Variance and it’s relationship to standard deviation
Variance is the square of SD
S2= Sum of(X-M)2 / N-1
Where X=value and M=mean
Standard Error
A measure of how far the sample mean is away from the population mean
SEM= SD/sqrt(N)
Used to show variability caused by experimental imprecision
WHEREAS
SD is used to show biological variability
Relationship bw Alpha and Type 1 Error
As alpha decreases (say, from 0.05 to 0.01 —> 95% confidence to 99% confidence), chance of type 1 error DECREASES
Relationship between Alpha and Type II Error
As alpha decreases, the chance for Type II errors increases (I.e., as you make your confidence interval wider, you’re more likely to say there isn’t a difference when there is indeed a difference.)
Random Error
Caused by inherently unpredictable fluctuations in the readings of a measurement apparatus or in the experimenters interpretation of the instrumental reading. This error can occur in either direction.
Systematic Error
Is predictable
Typically consistent or proportional to the true value.
Causes by imperfect calibration of measurement instruments or imperfect methods of observation.
Usually occurs only in 1 direction.
Student T Test
Assumptions: N<30 Random sampling Equal sample size Most useful when comparing 2 sample means
T= M1-M2 / sqrt[(SE1)sq + (SE2)sq]
Want the highest # T as possible, because T represents difference between the means. Large T indicates small variability and high signal.
If T>critical T, then there is a clinically significant difference.
1 Tailed T Test vs 2 Tailed T Test
1 Tailed: A one-tailed test will test either if the mean of exp group is significantly greater than control group (x) or if the mean is significantly less than x, but not both. The one-tailed test provides more power to detect an effect in one direction by not testing the effect in the other direction.
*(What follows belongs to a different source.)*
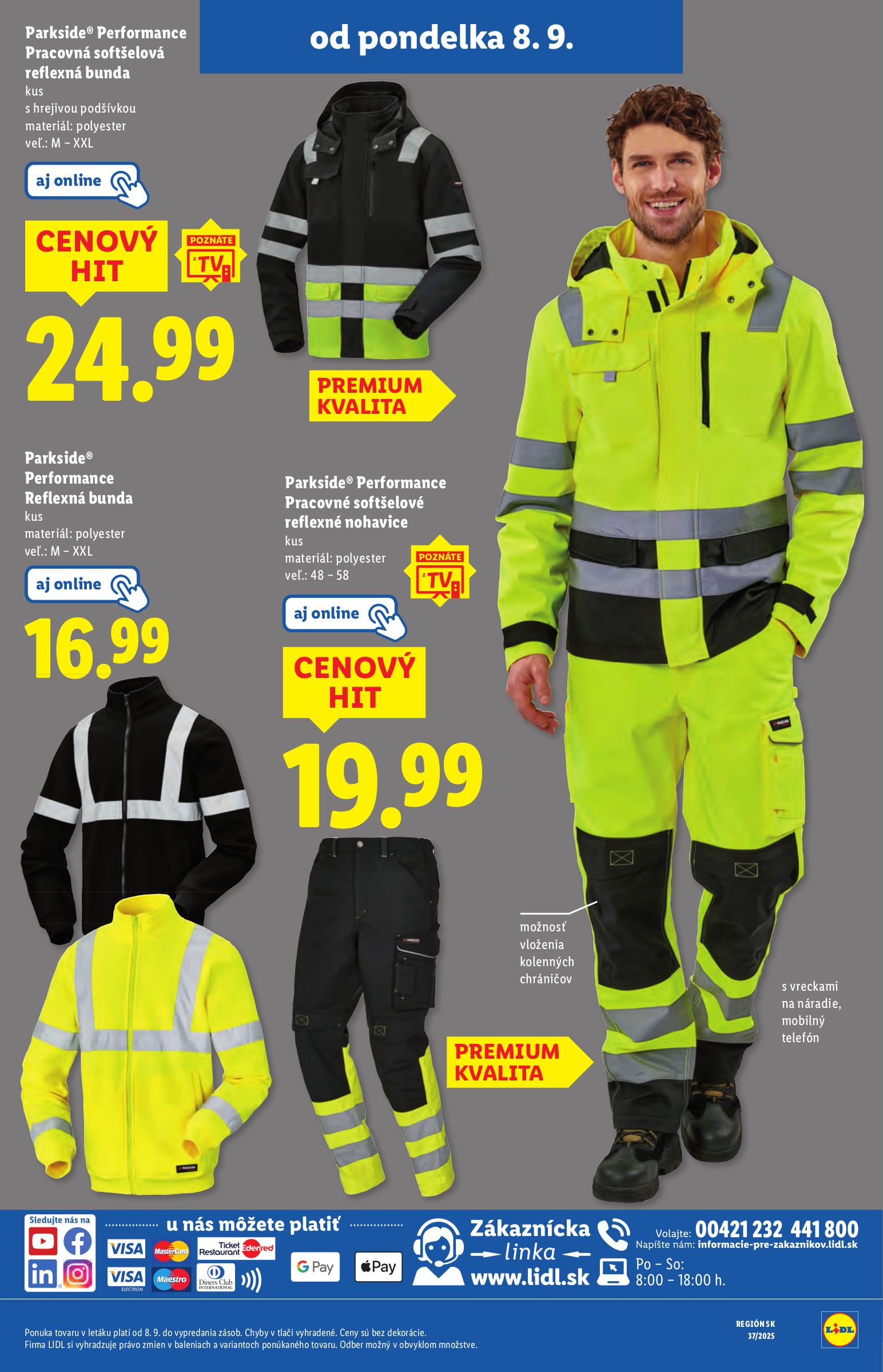 lidl - Leták Lidl platný od 08.09. do 14.09. - page: 55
2 Tailed: A two-tailed test will test both if the mean is significantly
greater than x and if the mean significantly less than x. The mean is considered significantly different from x if the test statistic is in the top 2.5% or bottom 2.5% of its probability distribution, resulting in a p-value less than 0.05. 2-tailed is more robust.
Paired vs Unpaired T Test
Paired
-The observed data are from the same subject or from a matched subject and are
drawn from a population with a normal distribution.
Example: Measuring glucose
concentration in diabetic patients before and after insulin injection.
Unpaired
The observed data are from two independent, random samples from a population with a normal distribution.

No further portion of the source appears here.